One known technique to alleviate some of these problems is to take a ‘deferred’ or ‘lazy’ copy of a data message as opposed to a complete copy of the message. To generate a lazy copy of an original data message a place-holder is used to represent a copy of the original message, but instead of including a complete copy of all data items in the original message the place-holder simply refers to the original message. Thus, the place-holder is actually a reference to the original message, and data items can be addressed within the place-holder, although no actual copy of the data items exists within the place-holder. Subsequently, if a data item addressed within the place-holder is updated, a full copy of all data items from the original data message are generated by populating the place-holder with a complete copy of all data items in the original data message. The required update can then be made to the data item in the copy of the message. In this way the complete message data is not actually copied until an update is made to the copy of the message, so avoiding unnecessary redundant copies of the original data message. However, the technique of lazy copying does not overcome the problem of duplicating all data in an original message when only a small fraction of the original message is updated. For example, if an original data message contains a small header and a voluminous payload, a lazy copy can be generated by a message consumer as a place-holder with a reference to the original data message. Subsequently, if the consumer updates a time-stamp addressed within the place-holder, a complete copy of the original message is generated within the place-holder. Thus, using a lazy copy technique, even when a small change is required a complete copy of all message data takes place.

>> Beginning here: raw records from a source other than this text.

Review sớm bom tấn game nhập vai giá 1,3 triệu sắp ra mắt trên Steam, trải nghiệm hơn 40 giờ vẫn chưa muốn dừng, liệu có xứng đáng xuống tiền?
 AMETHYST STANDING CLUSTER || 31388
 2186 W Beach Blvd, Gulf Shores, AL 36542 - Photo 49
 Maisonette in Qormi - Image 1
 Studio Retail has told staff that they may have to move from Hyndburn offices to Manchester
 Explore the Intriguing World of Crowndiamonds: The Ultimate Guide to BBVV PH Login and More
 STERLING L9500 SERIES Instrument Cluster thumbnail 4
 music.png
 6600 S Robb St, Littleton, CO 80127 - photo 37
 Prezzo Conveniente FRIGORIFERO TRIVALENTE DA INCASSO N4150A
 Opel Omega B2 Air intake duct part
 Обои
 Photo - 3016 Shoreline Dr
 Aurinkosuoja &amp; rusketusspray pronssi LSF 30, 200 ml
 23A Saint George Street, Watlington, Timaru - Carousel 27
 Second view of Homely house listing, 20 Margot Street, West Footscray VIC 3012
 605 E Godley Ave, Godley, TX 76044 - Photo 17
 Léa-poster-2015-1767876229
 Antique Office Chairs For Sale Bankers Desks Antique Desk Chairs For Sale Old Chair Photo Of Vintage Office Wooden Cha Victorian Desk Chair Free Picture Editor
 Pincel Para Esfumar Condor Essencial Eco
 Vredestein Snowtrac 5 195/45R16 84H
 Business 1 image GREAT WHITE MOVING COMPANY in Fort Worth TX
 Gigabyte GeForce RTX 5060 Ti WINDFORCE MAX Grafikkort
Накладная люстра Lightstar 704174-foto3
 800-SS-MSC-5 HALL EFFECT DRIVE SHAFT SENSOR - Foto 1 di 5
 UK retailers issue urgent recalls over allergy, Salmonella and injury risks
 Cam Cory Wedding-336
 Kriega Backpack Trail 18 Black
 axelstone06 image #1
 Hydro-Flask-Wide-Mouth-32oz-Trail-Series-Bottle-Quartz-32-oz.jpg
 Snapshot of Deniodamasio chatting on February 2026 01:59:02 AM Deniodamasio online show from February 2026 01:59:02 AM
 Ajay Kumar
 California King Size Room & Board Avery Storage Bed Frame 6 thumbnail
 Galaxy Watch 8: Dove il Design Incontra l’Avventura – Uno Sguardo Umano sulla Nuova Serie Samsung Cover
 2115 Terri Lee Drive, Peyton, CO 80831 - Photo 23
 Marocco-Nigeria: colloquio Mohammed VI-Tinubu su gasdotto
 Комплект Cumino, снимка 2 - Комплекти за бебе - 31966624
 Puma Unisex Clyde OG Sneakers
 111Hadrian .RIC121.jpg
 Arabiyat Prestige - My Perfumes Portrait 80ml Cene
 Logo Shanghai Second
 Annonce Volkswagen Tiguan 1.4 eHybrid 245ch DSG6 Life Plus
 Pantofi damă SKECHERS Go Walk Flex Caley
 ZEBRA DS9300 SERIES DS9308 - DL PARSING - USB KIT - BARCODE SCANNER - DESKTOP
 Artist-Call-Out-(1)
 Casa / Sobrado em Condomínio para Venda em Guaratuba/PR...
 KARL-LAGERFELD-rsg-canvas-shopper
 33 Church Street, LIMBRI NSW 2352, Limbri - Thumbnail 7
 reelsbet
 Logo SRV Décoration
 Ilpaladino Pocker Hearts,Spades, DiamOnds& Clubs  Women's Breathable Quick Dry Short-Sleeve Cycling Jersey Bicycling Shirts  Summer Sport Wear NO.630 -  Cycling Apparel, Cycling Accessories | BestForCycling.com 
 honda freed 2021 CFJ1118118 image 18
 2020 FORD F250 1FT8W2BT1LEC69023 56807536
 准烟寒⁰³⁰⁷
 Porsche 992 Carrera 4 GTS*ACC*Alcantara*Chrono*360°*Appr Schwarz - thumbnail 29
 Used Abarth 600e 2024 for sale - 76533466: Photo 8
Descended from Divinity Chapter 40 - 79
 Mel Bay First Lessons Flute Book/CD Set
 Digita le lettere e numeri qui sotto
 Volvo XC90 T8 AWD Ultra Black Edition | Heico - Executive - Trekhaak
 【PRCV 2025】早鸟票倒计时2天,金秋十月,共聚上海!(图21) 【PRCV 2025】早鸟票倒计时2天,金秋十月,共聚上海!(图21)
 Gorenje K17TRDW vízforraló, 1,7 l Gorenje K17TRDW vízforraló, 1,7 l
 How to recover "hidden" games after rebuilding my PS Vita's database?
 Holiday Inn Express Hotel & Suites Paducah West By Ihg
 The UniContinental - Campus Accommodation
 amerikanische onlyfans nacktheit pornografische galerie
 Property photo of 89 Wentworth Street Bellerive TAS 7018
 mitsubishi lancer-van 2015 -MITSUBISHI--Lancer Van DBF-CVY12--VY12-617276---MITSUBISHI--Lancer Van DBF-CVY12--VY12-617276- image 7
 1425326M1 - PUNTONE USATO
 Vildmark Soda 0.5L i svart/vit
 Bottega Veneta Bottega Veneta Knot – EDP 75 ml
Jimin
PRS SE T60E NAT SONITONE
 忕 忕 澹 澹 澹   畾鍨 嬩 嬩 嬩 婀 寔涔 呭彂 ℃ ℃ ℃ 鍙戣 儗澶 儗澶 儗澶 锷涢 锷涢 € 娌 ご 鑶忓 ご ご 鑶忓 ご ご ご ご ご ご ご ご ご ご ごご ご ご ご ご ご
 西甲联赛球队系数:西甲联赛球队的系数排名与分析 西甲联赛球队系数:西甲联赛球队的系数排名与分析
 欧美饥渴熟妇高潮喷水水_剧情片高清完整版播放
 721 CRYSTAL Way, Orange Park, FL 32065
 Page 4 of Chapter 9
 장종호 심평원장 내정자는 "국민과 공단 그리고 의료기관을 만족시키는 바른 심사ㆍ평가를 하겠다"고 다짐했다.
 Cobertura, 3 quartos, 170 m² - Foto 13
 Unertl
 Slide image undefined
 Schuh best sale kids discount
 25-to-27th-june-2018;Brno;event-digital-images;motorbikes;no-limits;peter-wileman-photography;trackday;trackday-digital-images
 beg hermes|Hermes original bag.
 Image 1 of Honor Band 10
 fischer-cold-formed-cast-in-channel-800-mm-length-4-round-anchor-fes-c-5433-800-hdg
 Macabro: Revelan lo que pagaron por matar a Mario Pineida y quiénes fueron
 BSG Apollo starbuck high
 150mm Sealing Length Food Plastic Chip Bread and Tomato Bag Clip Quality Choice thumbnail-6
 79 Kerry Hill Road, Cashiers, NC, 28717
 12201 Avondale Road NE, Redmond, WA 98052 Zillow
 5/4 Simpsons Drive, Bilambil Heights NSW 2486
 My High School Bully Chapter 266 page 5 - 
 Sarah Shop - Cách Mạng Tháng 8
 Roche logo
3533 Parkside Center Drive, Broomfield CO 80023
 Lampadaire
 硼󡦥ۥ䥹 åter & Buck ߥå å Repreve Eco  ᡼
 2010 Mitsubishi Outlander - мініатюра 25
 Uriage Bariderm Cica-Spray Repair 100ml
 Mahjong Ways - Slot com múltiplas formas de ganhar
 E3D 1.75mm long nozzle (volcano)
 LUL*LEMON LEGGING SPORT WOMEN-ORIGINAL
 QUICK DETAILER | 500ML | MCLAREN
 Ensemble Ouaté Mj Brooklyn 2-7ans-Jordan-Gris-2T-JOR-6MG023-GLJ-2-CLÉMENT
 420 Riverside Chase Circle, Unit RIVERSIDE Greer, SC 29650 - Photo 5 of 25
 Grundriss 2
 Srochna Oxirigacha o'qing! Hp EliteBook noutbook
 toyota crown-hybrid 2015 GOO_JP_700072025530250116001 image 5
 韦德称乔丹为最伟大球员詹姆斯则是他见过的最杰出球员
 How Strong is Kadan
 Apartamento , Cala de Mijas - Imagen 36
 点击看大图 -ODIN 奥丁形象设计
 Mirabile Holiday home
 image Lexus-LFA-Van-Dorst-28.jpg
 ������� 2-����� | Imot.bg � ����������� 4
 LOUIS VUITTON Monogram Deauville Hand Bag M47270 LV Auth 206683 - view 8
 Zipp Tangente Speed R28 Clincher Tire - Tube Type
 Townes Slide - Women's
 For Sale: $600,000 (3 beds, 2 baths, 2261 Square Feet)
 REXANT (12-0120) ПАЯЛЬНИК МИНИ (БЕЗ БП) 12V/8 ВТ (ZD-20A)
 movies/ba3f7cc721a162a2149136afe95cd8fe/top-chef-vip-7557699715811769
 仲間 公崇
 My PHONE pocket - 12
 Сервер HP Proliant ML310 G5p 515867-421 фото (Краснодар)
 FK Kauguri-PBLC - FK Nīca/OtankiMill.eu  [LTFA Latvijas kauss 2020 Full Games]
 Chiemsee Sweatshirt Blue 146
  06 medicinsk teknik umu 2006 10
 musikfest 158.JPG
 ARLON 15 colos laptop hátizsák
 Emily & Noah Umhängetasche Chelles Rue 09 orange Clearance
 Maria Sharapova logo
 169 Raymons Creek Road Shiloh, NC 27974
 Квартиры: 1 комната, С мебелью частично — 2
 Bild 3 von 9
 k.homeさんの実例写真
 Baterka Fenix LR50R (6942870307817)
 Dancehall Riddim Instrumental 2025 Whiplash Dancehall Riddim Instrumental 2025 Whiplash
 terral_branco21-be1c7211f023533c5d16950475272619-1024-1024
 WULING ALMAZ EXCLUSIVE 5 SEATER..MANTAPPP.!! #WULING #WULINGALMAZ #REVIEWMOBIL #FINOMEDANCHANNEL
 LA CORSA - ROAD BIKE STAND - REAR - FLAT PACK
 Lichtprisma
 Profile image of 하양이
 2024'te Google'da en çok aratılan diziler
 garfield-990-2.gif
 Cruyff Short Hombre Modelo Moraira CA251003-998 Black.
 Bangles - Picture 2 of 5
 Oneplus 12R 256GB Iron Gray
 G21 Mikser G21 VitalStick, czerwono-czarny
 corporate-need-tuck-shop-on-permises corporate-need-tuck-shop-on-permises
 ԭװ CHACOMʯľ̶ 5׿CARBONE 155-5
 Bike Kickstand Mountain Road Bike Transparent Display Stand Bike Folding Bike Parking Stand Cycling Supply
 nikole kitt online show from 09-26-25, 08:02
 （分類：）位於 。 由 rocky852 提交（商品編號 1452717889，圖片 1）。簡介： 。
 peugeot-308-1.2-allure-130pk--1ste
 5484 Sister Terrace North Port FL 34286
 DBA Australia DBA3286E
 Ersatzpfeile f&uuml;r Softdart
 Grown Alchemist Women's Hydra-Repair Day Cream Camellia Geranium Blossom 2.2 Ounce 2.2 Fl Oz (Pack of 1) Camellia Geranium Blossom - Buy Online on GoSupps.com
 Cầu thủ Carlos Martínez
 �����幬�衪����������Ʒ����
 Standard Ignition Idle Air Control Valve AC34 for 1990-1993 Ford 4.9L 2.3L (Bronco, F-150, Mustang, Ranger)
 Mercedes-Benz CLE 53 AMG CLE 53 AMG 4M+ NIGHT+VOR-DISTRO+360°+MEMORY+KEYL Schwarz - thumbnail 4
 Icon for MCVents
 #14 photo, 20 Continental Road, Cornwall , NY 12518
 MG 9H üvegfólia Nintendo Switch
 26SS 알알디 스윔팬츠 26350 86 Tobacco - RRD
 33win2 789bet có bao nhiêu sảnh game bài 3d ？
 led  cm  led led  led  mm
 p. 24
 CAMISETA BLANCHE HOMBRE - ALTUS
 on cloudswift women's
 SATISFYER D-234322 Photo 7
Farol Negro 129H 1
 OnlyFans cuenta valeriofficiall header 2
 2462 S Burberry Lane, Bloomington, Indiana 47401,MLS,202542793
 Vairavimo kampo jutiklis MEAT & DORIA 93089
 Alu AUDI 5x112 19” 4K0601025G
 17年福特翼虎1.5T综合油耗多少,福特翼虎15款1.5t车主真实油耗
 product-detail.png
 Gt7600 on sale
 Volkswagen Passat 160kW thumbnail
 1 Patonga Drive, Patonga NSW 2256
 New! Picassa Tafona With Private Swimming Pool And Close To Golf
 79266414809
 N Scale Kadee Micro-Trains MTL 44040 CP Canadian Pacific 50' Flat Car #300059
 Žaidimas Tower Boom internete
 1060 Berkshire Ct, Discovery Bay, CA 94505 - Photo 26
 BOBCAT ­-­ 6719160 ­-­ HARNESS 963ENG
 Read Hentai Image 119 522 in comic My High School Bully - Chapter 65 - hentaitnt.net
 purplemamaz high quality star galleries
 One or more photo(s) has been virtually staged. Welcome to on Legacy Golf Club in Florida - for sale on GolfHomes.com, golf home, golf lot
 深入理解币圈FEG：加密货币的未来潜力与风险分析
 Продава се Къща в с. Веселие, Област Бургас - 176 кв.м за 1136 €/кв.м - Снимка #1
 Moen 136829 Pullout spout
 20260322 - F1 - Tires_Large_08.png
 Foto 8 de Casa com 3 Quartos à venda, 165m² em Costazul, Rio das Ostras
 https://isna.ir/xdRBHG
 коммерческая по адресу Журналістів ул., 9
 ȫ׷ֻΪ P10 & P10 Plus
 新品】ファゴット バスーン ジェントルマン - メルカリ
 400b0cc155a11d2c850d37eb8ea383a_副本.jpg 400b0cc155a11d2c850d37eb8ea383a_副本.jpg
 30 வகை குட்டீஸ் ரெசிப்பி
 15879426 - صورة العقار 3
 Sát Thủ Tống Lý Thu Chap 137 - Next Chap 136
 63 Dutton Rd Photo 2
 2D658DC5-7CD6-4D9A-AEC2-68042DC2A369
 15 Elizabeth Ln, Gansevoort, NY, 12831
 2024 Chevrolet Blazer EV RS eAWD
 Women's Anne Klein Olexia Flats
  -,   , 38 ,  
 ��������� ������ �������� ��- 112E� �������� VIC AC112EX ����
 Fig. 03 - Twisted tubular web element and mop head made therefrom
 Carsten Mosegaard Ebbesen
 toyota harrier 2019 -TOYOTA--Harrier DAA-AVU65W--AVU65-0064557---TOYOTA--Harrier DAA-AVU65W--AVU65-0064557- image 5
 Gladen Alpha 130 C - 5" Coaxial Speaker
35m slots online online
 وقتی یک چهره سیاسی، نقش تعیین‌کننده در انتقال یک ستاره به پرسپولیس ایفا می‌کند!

It would therefore be desirable to provide a way for a message consumer to make updates to data messages in a messaging system without the updates being visible to other consumers in the messaging system, and without generating redundant copies of unnecessary message data, such as message data that is not updated.


SUMMARY OF THE INVENTION

The present invention accordingly provides, in a first aspect, a method for generating a copy of a first message including nested data items in a messaging system. The method has the steps of: creating a second message as a lazy copy of the first message; responsive to a determination that one of said data items addressed at the second message location is to be updated, creating an actual copy of the updated data item in the second message.


A message consumer initially creates a lazy copy of a data message. Subsequently, if the consumer updates a data item addressed in the lazy copy of the data message, an actual copy of the data item to be updated is generated. Other data items in the lazy copy of the data message continue to be lazy copies. In this way, only data items that are updated are copied as actual copies, with all other data items being copied as lazy copies. Thus the method avoids unnecessarily generating redundant actual copies of data items or whole data messages that will not be updated. The method also avoids the storage of redundant copies of data items or data messages.


Preferably an actual copy of a parent data item of the updated data item is also created.


Preferably a lazy copy of a child data item of the parent data item is also created.


The present invention accordingly provides, in a second aspect, an apparatus for generating a copy of a first message in a messaging system. The first message includes nested data items, and the apparatus comprises: means for creating a second message as a lazy copy of the first message; means responsive to a determination that one of said data items addressed at the second message location is to be updated for creating an actual copy of the data item in the second message.


The present invention accordingly provides, in a third aspect, a computer program product comprising computer program code stored on a computer readable storage medium that, when executed on a data processing system, instructs the data processing system to carry out the method described above.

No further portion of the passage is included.